Enerji Günlüğü - Prof. Dr. Filiz Karaosmanoğlu, dünyanın yüzde 91’inin temiz hava soluyamadığına ve hava kirliliğinin her 9 ölümden birine neden olduğunu hatırlatarak hava kirliliğini azaltacak önerilerde bulundu.
Birleşmiş Milletler tarafından bu yıl 5 Haziran Dünya Çevre Günü’nün teması ‘Hava Kirliliği’ olarak belirlendi. Hava kirliliğinin oluşmasında hepimizin suçlu olduğunu vurgulayan İstanbul Teknik Üniversitesi (İTÜ) Öğretim Üyesi ve Sürdürülebilir Üretim ve Tüketim Derneği (SÜT-D) Başkanı Prof. Dr. Filiz Karaosmanoğlu, ‘Hava Kirliliğini Yen’ sloganıyla herkesin atması gereken adımlara dikkat çekti.
Prof. Dr.
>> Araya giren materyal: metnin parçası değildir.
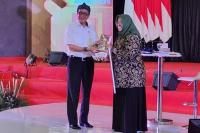 Kisah Kecil Menkumham Yasonna Laoly dalam Buku Biografi Anak Kolong Menjemput Mimpi 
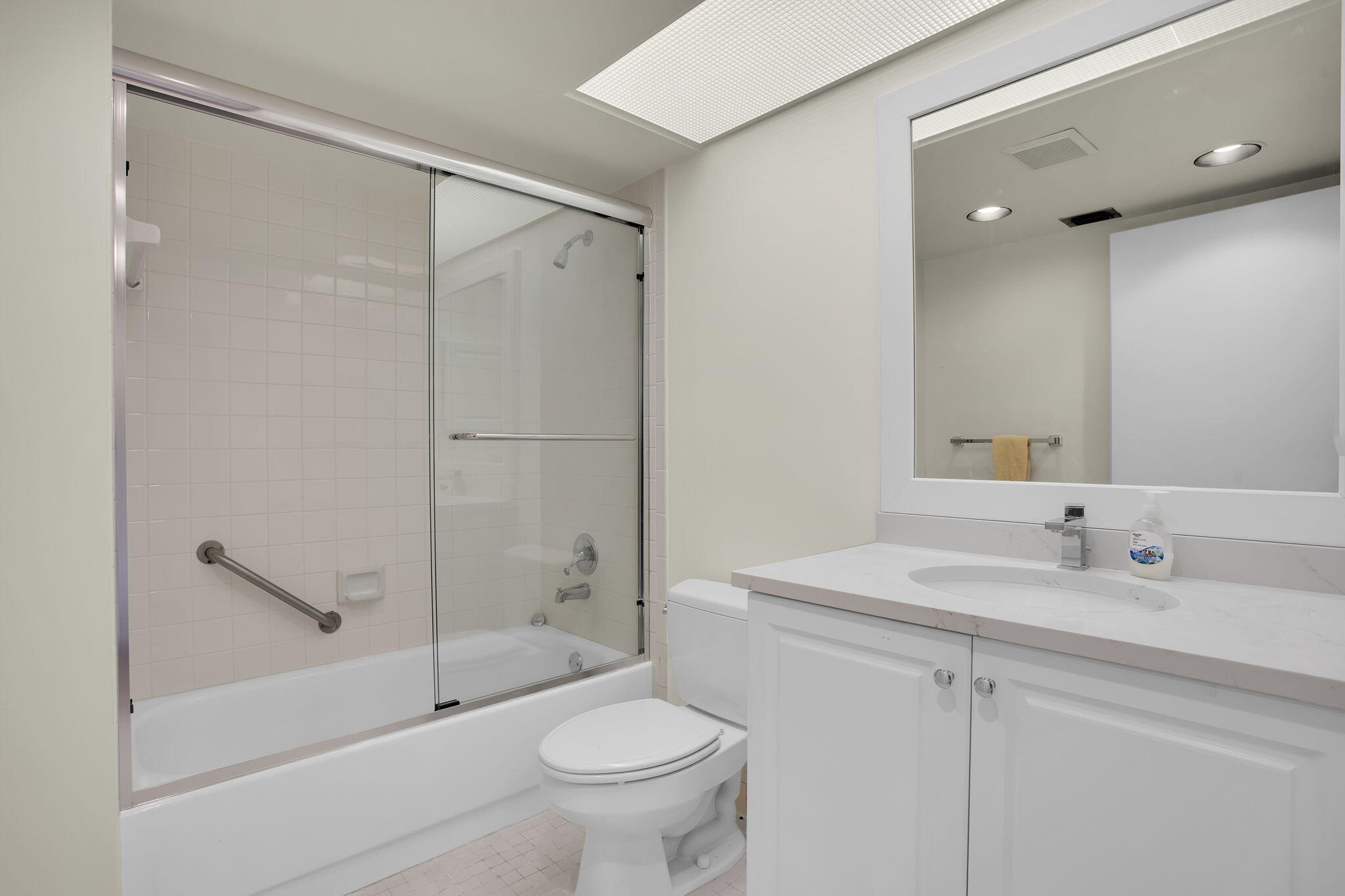 1605 Abaco Drive M4
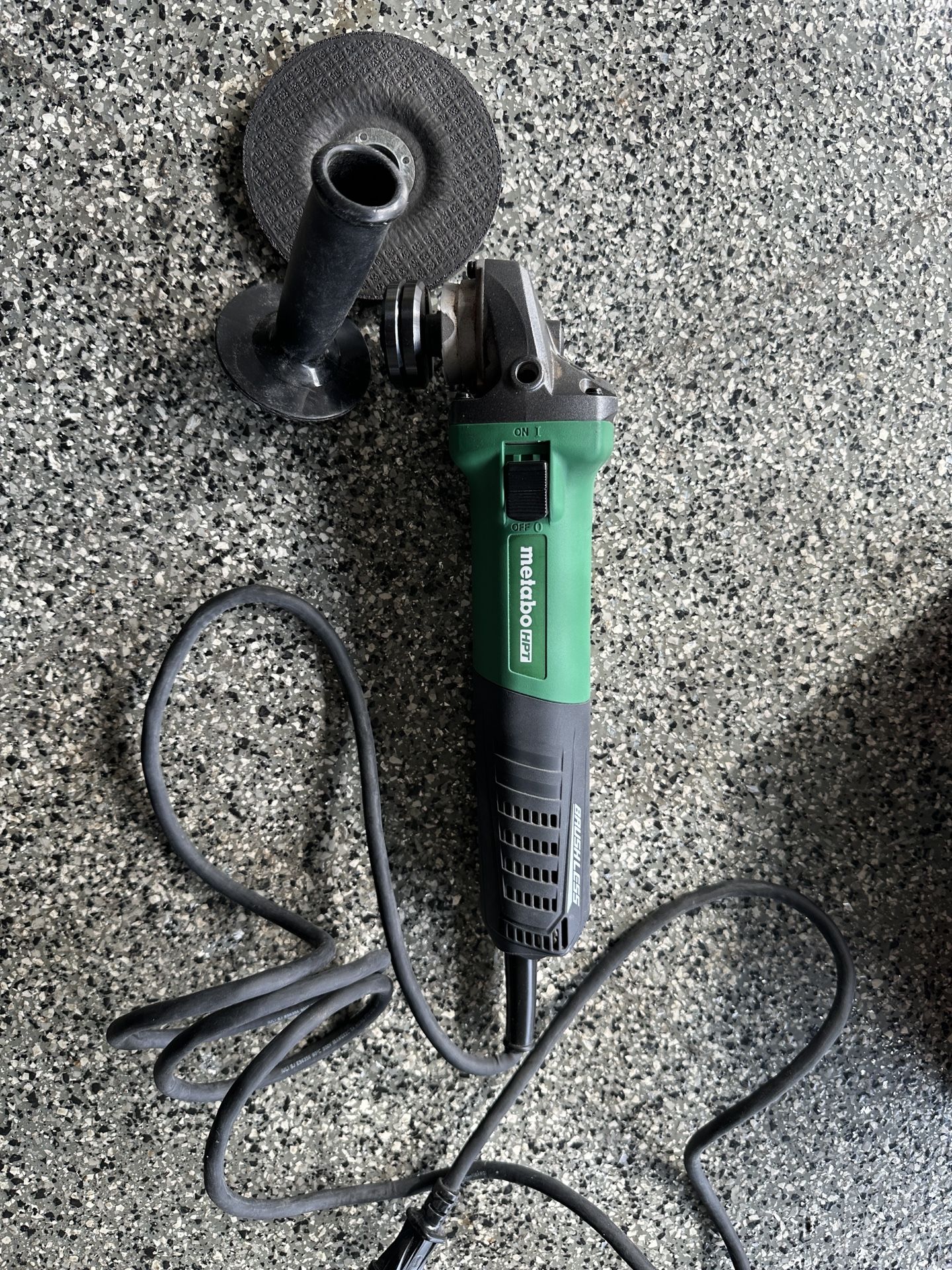 Metabo HPT Angle Grinder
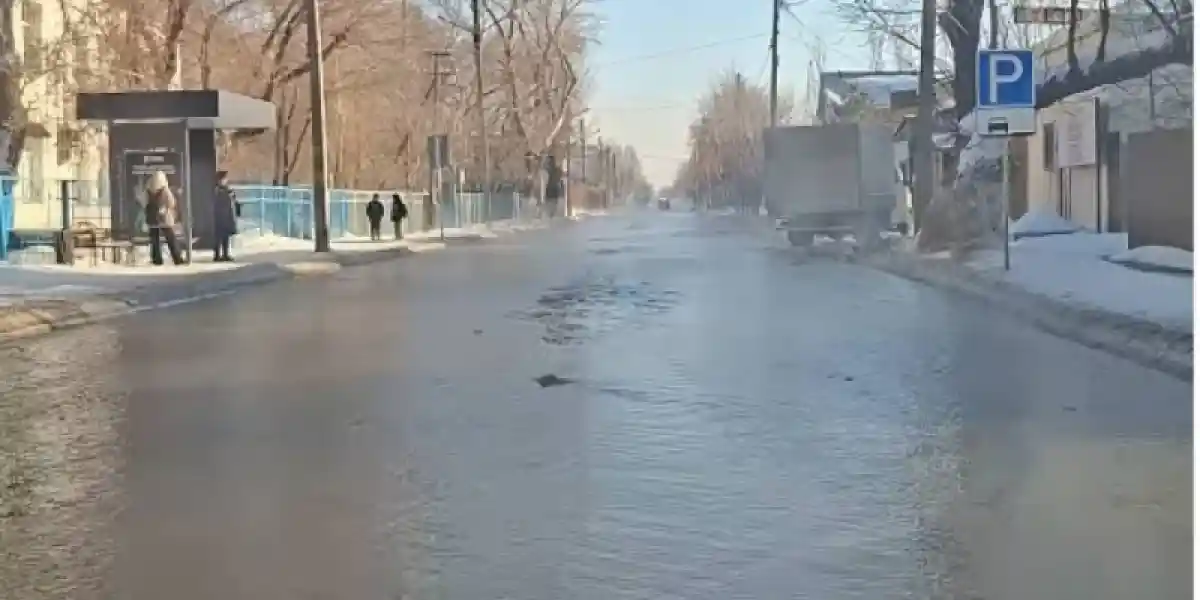 Павлодарда бірнеше көшені су басып қалды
Filiz Karaosmanoğlu, SÜT-D olarak belirledikleri ‘Hava Kirliliğini Yen’ sloganı doğrultusunda şu tavsiyelerde bulundu;
Isınırken ve pişirirken kullandığımız yakıtları ve yakma sistemlerini seçerken özen göstermeliyiz. Bacalarımızı temiz tutmalıyız. Yaşadığımız ve çalıştığımız iç ortamlarda teknik olarak uygun olmayan koşullarda yakma ile ısınma - pişirme yapılıyorsa karbonmonoksit, azot dioksit, hidrokarbon ve partikül kirliliği oluşur.
Evimizdeki kombi ve klimaların düzenli bakımını yaptırmalıyız.
Binalarımızda uygun yalıtımla daha az yakıt harcayarak ve daha az sera gazı salımı yaparak kışın ısınmak, yazın ise serinlemek mümkün. Başta yalıtım olmak üzere yapı malzemelerimizi sağlıklı ortama uygun seçmeliyiz.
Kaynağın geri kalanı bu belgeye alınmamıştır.